Search the entries below for "using", and copy each line where it appears.
(DATASET begins)
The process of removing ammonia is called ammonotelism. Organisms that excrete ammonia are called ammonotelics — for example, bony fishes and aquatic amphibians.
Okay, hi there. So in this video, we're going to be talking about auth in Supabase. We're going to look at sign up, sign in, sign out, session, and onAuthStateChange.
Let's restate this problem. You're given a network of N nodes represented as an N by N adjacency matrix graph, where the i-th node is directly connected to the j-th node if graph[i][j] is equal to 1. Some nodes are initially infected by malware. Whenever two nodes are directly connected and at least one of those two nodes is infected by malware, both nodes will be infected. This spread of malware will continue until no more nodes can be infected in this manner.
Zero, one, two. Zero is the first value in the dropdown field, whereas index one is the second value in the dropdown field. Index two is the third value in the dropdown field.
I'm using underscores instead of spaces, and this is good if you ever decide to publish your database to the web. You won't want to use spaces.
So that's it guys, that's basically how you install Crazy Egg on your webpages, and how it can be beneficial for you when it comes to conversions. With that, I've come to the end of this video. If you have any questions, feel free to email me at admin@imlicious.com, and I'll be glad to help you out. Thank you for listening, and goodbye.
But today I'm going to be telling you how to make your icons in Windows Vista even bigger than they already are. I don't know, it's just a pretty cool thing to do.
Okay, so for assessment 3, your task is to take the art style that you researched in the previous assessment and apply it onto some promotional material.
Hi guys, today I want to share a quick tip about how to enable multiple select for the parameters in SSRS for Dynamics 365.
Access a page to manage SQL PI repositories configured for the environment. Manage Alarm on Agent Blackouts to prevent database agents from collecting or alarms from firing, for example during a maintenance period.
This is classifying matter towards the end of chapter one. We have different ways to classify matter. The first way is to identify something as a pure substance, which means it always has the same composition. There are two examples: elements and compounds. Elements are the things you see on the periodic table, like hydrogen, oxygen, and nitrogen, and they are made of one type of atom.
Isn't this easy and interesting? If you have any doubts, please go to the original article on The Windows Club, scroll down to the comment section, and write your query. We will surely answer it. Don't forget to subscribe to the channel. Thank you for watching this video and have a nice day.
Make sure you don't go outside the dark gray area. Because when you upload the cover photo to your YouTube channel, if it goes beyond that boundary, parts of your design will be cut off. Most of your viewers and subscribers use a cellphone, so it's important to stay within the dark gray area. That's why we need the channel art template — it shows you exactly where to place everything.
(DATASET ends)
(DATASET begins)
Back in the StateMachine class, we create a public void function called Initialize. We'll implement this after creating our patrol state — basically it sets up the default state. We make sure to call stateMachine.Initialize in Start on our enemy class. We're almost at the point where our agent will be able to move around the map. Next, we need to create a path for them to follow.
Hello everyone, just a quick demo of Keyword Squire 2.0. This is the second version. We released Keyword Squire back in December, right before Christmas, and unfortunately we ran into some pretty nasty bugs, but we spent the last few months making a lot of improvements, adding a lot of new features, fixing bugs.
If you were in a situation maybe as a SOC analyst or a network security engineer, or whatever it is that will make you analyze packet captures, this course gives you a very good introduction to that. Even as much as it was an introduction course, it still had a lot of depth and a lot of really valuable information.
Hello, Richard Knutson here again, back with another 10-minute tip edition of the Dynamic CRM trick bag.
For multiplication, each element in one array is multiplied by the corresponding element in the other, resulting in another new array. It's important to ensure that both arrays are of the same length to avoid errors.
(DATASET ends)
(DATASET begins)
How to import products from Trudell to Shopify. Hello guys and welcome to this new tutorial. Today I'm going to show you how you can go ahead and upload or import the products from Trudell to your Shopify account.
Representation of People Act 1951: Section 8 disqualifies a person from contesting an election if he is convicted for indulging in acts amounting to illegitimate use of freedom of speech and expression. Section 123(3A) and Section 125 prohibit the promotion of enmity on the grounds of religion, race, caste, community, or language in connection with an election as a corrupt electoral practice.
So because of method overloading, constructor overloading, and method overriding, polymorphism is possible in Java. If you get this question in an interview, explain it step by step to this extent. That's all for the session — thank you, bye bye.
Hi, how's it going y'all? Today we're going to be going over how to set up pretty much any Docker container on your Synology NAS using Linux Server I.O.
(DATASET ends)
■ TASK OUTPUT
I'm using underscores instead of spaces, and this is good if you ever decide to publish your database to the web. You won't want to use spaces.
Hi, how's it going y'all? Today we're going to be going over how to set up pretty much any Docker container on your Synology NAS using Linux Server I.O.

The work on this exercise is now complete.